▶ Dataset excerpts

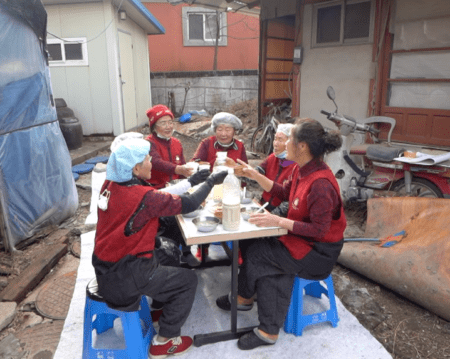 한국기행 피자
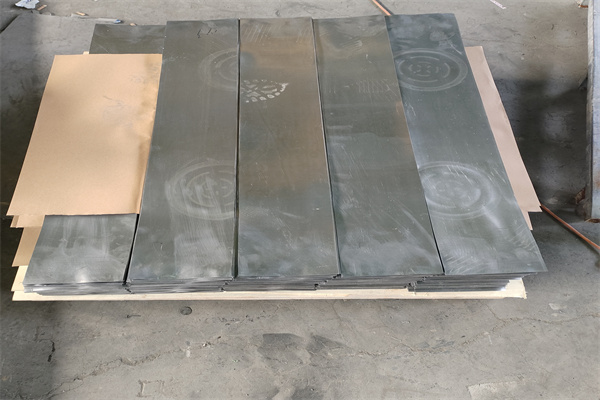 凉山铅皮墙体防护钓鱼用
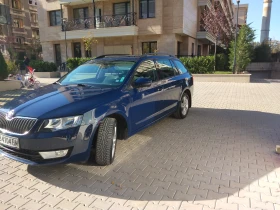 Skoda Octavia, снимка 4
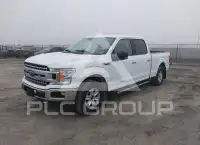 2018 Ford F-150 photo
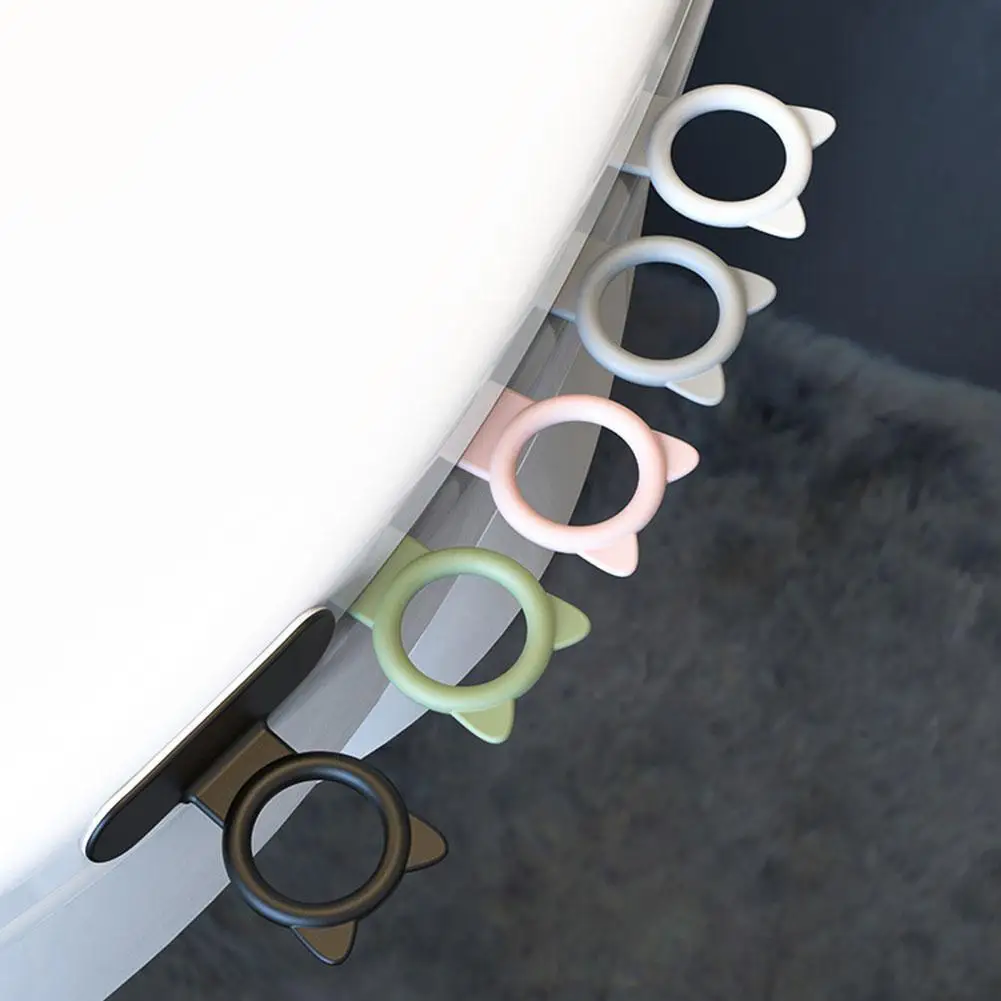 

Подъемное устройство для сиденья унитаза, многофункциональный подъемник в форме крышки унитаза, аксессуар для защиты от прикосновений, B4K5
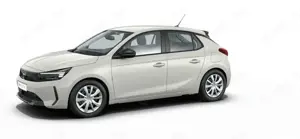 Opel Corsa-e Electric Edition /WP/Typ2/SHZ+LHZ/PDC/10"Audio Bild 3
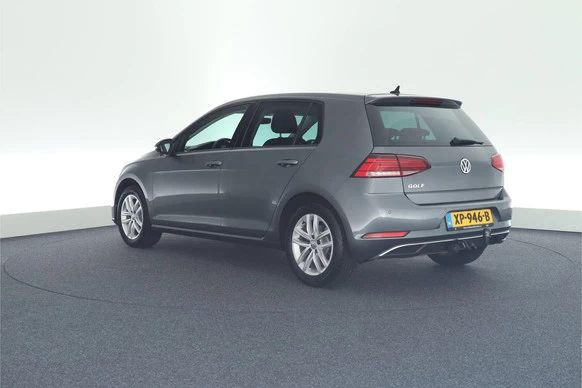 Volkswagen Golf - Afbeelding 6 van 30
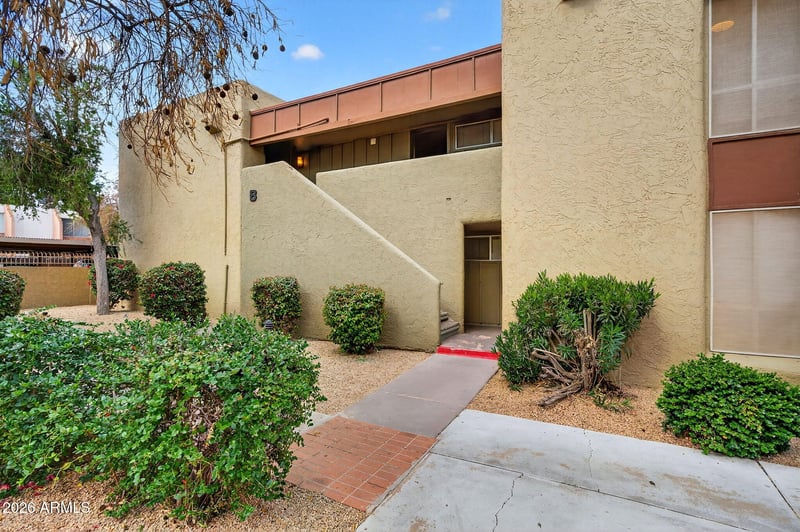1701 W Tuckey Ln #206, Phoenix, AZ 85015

▶ The task
Every line from the one containing "Opel Corsa-e Electric" through the end of the records is to be returned exactly, and those lines alone; pictures are dropped.

▶ Response below
 Opel Corsa-e Electric Edition /WP/Typ2/SHZ+LHZ/PDC/10"Audio Bild 3
 Volkswagen Golf - Afbeelding 6 van 30
1701 W Tuckey Ln #206, Phoenix, AZ 85015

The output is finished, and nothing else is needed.